▶ _WORK REQUIRED_: Task for the records below: repeat the line containing "LOVIMAG Hooks, 30lbs+" and every line after it, exactly and with nothing else, but leave out the pictures.

Dataset entries:
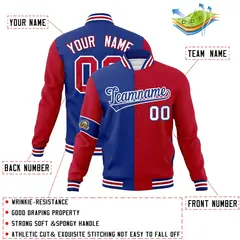Royal Red-White Two Tone Full-Snap Letterman Varsity Jacket 4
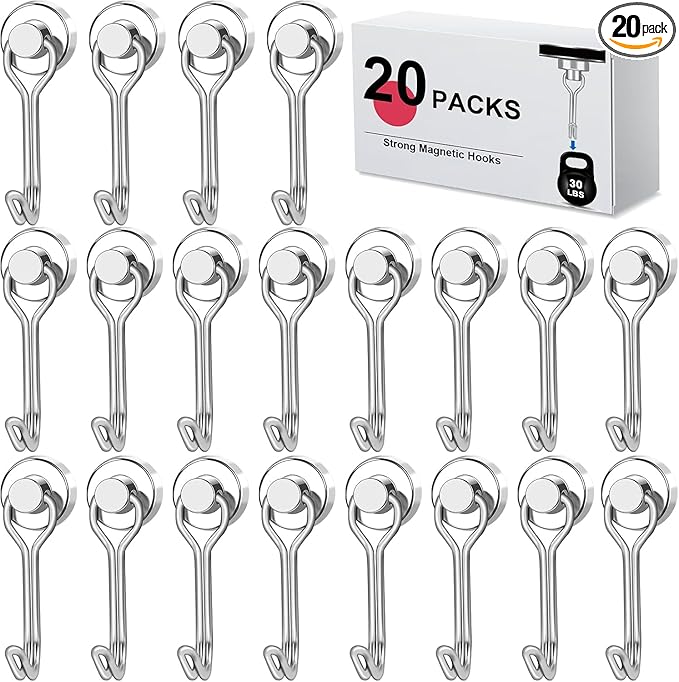 LOVIMAG Hooks, 30lbs+ Magnetic Magnet Hook 2025 Cruise Cabin Ship Essentials Heavy Duty Strong Refrigerator Fridge Hanging for Classroom Beach Vacation Kitchen Grills Home Mug Hanger (20 Pack), Silver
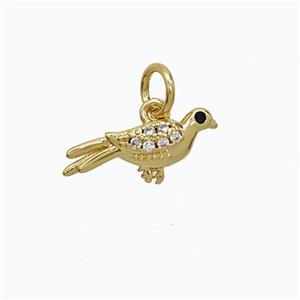 Copper Birds Pendant Pave Zirconia Gold Plated, approx 7-15mm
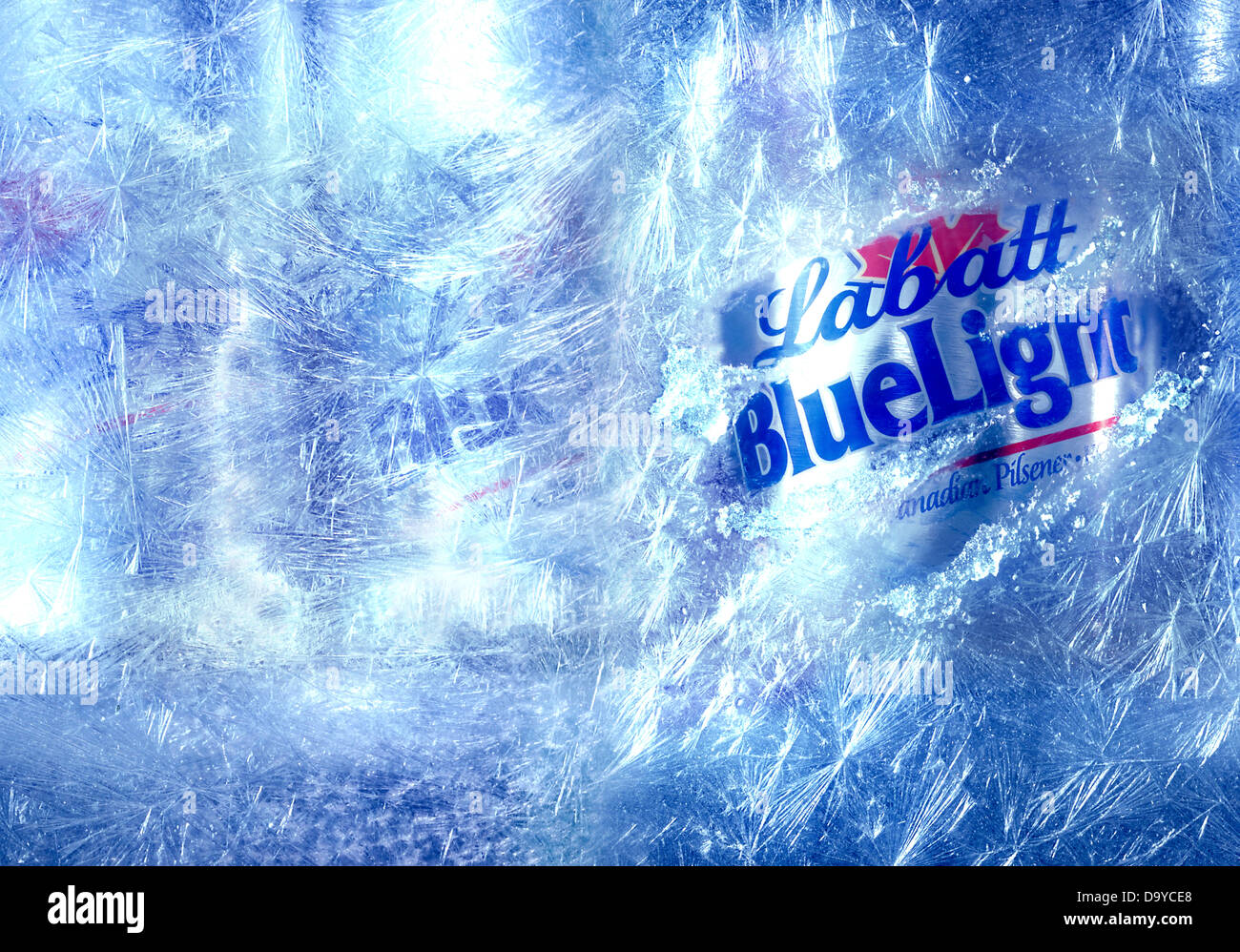 Frosty Labatt Blue Light Stock Photo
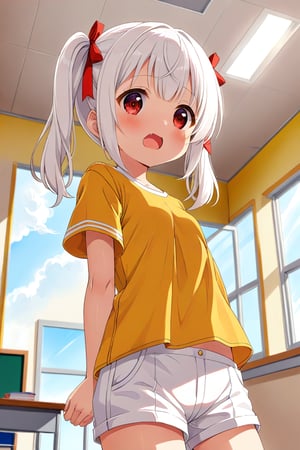 loli , surprise face, white hair, red_eyes, twintails, down_view, classroom, yellow shirt, white shorts,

▶ _RESPONSE FOR THIS EXERCISE_:
 LOVIMAG Hooks, 30lbs+ Magnetic Magnet Hook 2025 Cruise Cabin Ship Essentials Heavy Duty Strong Refrigerator Fridge Hanging for Classroom Beach Vacation Kitchen Grills Home Mug Hanger (20 Pack), Silver
 Copper Birds Pendant Pave Zirconia Gold Plated, approx 7-15mm
 Frosty Labatt Blue Light Stock Photo
 loli , surprise face, white hair, red_eyes, twintails, down_view, classroom, yellow shirt, white shorts,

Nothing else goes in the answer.